Ferguson, sitting by the fire at his flat, put the phone down and went to the drinks cabinet and poured a large whiskey.

“Come on, Dillon,” he said softly. “Sort the buggers out.”


DILLON AT THAT moment was on the hill outside the village, the Toyota parked in the shelter of the wood. He scanned the front of the Loyalist with his binoculars, then had a look at the Avenger at anchor out there in the harbor.

“And where will you be, Hannah my love? Still in bed at this time in the morning I shouldn’t wonder,” he said softly.

Dawn was coming up fast now and the morning was gray and grim, the damp clinging mist shrouding everything, and rain fell relentlessly. He lit a cigarette and wondered how he was going to play it, and then the front door of the Loyalist opened and they all came out, Jack Barry, Kathleen, Sollazo, and Mori with Hannah Bernstein between them. Stringer stood in the doorway talking to Barry, then went inside.

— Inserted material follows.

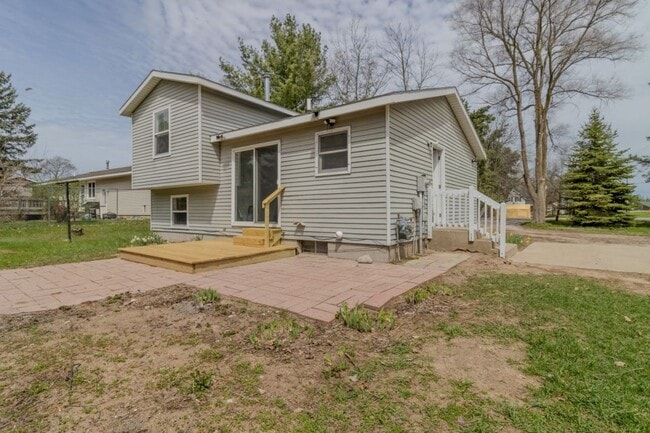 Building Photo - Bright & Updated 4-Bedroom Home Close to Everything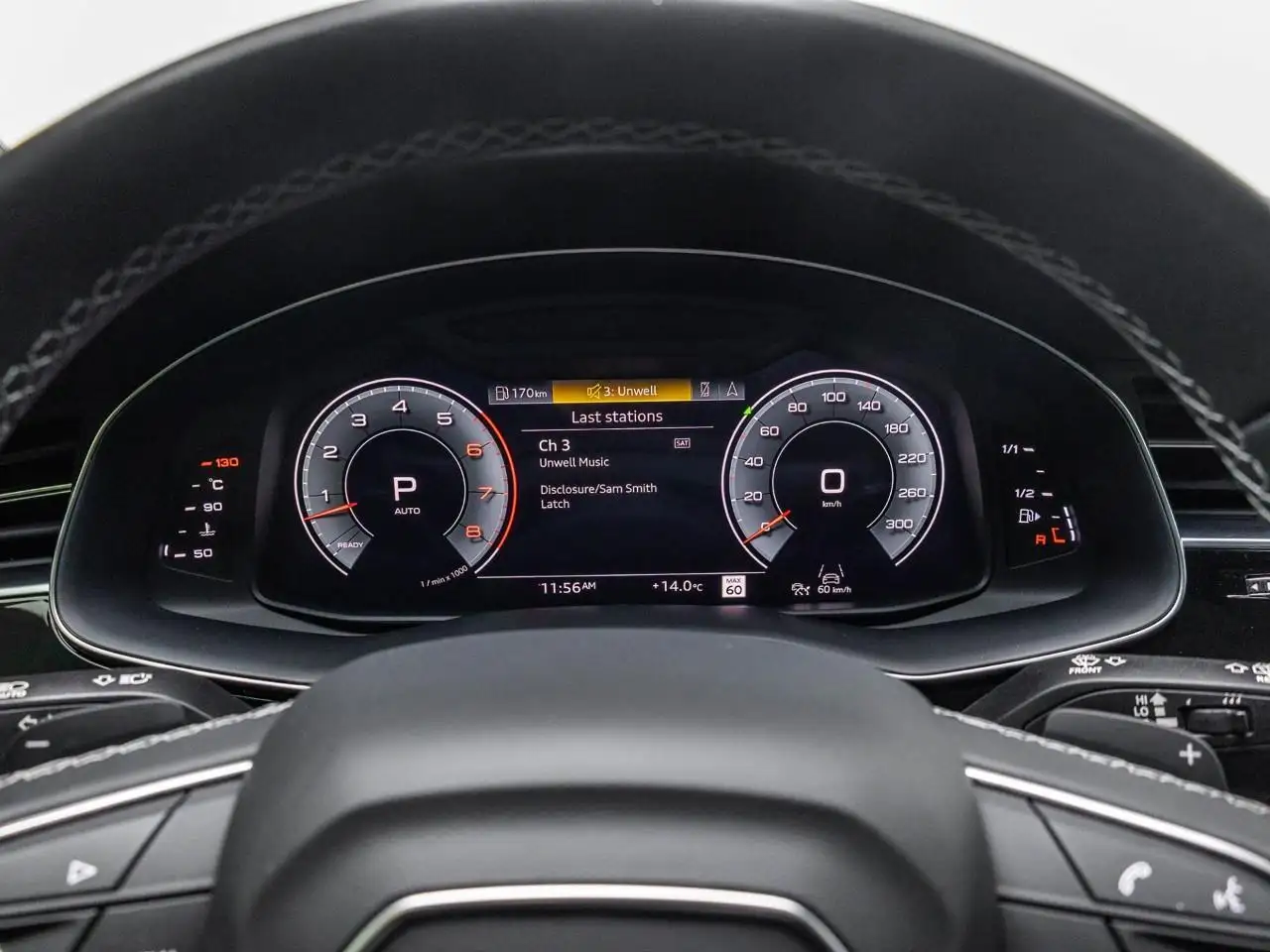 Audi Q8 снимка Audi Q8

“Sweet Mother of God!” Dillon said and followed them with his binoculars as they walked down the slipway and got into the green inflatable and cast off. The outboard hammered into life and they moved away. Dillon got into the Toyota and started the engine.


KEVIN STRINGER, MAKING another pot of tea in the kitchen, was aware of a slight creaking as the back door opened. He turned and Dillon smiled at him.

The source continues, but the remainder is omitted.